When the re-projection constraint is constructed, the roller shutter exposure time delay of the camera is considered, and the influence of the position and the speed of the camera on the re-projection is also considered, so that the calculation precision of the re-projection error can be improved, the optimization precision of the position and attitude data is improved, high-precision camera position and attitude information is provided for positioning during high-precision map updating, positioning during automatic driving or auxiliary driving, or positioning in an indoor navigation positioning scene of a robot, and the positioning precision is improved.

In one possible implementation, the compensation module 302 may be configured to:

calculating the product of the camera speed and the roller shutter exposure time delay to obtain a translation compensation amount;

calculating to obtain rotation compensation quantity by taking e as a base number and taking the product of the angular speed and the shutter exposure time delay as an index;

and constructing a motion compensation amount based on the translation compensation amount and the rotation compensation amount.

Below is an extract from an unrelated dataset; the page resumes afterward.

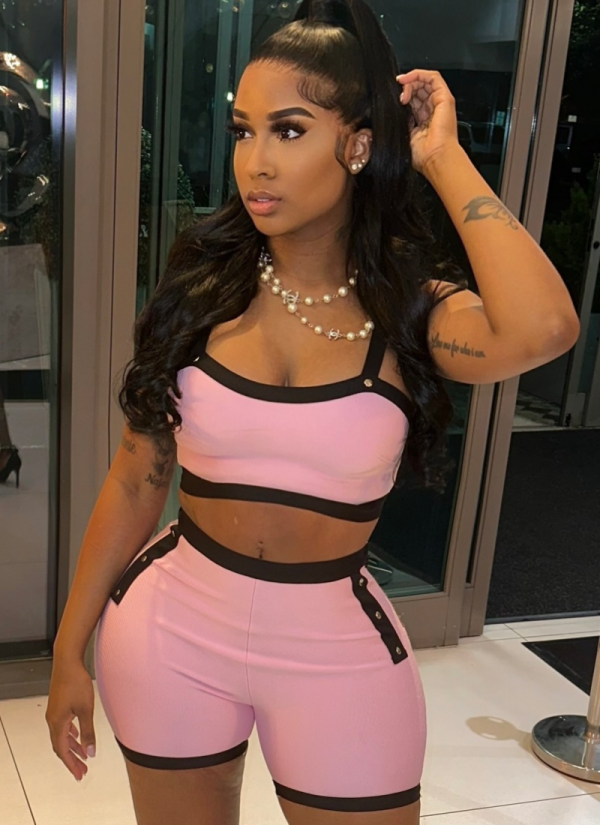 Sexy Hot Girl Color-Blocked High-Waisted Sports Tight Shorts Two-Piece Set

In this embodiment, the motion compensation amount M can be calculated by the following formula ^compensate (v，w ^m ，t)：

Wherein Rotation is a Rotation compensation amount, and Rotation is Exp (w) ^m *t)，w ^m The angular velocity, t, translation, v is the camera velocity, v is the variable, and w is the translation compensation amount ^m The rolling shutter exposure time delay t is a preset parameter of the camera, and is an angular velocity measured by the vision inertial navigation sensor when the camera shoots a live-action image of the characteristic point.

In one possible implementation, the projection module 303 may be configured to:

compensating a coordinate transformation matrix based on the motion compensation amount to obtain a compensation transformation matrix, wherein the coordinate transformation matrix comprises a transformation matrix from a world coordinate system to a camera coordinate system;

and carrying out coordinate change on the three-dimensional coordinates of the characteristic points by using the compensation transformation matrix and the coordinate transformation function to obtain the coordinates of the projection pixel points.

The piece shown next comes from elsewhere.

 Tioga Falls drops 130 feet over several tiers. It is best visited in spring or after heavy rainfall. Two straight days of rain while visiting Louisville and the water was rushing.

In this embodiment, the world coordinate system (wcs) is a convention for defining coordinates [0, 0, 0] in 3D virtual space and three unit axes orthogonal to each other, which is the present initial meridian of the 3D scene, a reference for measuring any other point or any other arbitrary coordinate system, and the origin of the world coordinates is fixed; the three-dimensional coordinates of the feature points obtained in the present disclosure are three-dimensional coordinates of the feature points in a world coordinate system. The camera coordinate system is a three-dimensional coordinate system constructed with the camera as the origin of the coordinate system.

In this embodiment, the coordinate transformation matrix from the world coordinate system to the camera coordinate system is constructed by the variable camera pose x to be solved, which may be denoted as m (x), and the coordinate transformation function from the camera coordinate system to the pixel coordinate is proj (); it should be noted that the specific formulas of m (x) and proj () are clear to those skilled in the art and are not described herein.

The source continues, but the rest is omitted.